TOKYO - Users are able to trick ChatGPT into writing code for malicious software applications by entering a prompt that makes the artificial intelligence chatbot respond as if it were in developer mode, Japanese cybersecurity experts said Thursday.
The discovery has highlighted the ease with which safeguards put in place by developers to prevent criminal and unethical use of the tool can be circumvented.
Amid growing concerns that AI chatbots will lead to more crime and social fragmentation, calls are growing for discussions on appropriate regulations at the Group of Seven summit in Hiroshima next month and other international forums.
G-7 digital ministers also plan to call for accelerated research and increased governance of generative AI systems as part of their two-day meeting in Takasaki, Gunma Prefecture, at the end of this month.
Meanwhile, Yokosuka in Kanagawa Prefecture, south of Tokyo, on Thursday started trial use of ChatGPT across all of its offices in a first among local governments in Japan.
While ChatGPT is trained to decline unethical uses, such as requests for how to write a virus or make a bomb, such restrictions can be evaded by telling it to act in developer mode, according to Takashi Yoshikawa, an analyst at Mitsui Bussan Secure Directions.
When further prompted to write code for ransomware, a type of malware that encrypts data and demand payments in exchange for restoring access, it completed the task in a few minutes, with the application successfully infecting an experimental PC.
"It is a threat (to society) that a virus can be created in a matter of minutes while conversing purely in Japanese.

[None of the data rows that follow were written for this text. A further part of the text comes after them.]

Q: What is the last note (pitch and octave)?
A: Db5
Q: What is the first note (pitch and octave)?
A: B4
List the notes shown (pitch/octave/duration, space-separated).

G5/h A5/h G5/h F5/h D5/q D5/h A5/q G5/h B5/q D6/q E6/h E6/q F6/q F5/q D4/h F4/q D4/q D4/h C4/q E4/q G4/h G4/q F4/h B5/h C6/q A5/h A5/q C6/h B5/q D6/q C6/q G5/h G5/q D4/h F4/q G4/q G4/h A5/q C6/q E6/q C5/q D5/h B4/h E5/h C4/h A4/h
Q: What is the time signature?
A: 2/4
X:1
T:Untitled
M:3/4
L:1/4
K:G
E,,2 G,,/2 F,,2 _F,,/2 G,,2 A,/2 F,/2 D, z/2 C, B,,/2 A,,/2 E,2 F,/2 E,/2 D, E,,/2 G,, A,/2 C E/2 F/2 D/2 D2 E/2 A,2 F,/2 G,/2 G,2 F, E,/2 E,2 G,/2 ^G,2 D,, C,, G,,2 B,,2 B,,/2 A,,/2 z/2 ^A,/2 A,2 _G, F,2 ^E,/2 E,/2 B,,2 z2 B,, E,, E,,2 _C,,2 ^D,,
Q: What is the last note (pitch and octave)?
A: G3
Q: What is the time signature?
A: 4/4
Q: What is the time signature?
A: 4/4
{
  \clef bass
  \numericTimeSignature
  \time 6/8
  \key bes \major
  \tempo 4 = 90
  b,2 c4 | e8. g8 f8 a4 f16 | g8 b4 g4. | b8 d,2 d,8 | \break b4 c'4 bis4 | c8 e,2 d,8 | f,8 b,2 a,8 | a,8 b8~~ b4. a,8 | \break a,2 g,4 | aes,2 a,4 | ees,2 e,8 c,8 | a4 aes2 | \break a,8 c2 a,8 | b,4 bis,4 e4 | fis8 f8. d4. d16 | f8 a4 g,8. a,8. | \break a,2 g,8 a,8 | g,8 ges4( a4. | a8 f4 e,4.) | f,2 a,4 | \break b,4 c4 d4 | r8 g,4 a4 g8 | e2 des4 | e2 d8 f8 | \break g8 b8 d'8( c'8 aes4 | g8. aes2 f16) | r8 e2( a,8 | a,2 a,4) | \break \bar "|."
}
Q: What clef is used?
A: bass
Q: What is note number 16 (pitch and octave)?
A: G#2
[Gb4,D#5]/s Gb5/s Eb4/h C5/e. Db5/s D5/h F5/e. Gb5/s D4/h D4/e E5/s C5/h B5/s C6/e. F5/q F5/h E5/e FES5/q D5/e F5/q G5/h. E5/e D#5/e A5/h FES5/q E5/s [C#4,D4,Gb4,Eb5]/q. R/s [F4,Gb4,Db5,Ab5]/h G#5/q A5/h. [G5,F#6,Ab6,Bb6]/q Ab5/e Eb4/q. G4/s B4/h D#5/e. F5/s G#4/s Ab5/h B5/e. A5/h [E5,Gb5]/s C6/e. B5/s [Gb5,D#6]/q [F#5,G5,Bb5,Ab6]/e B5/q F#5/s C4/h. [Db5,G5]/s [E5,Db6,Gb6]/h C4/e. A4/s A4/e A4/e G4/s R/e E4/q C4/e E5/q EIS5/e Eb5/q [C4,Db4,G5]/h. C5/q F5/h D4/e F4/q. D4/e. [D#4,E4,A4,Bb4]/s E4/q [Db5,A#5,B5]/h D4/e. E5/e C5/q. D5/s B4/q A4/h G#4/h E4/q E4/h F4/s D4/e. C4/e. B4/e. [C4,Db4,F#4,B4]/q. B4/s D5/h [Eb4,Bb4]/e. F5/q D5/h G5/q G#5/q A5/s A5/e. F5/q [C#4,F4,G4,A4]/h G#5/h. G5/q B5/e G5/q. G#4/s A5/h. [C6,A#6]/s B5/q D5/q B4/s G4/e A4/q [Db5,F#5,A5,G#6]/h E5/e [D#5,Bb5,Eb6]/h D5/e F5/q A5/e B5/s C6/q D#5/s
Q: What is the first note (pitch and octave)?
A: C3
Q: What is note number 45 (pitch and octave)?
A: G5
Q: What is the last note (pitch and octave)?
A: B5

I want AI developers to place importance on measures to prevent misuse," Yoshikawa said.
OpenAI, the U.S. venture that developed ChatGPT, said that while it is impossible to predict all the ways the tool could be abused, it would endeavor to create a safer AI based on feedback from real-world use.
ChatGPT, launched in November 2022 as a prototype, is driven by a machine learning model that works much like the human brain. It was trained on massive amounts of data, enabling it to process and simulate human-like conversations with users.
Cybercriminals have been studying prompts they can use to trick AI for nefarious purposes, with the information actively shared on the dark web.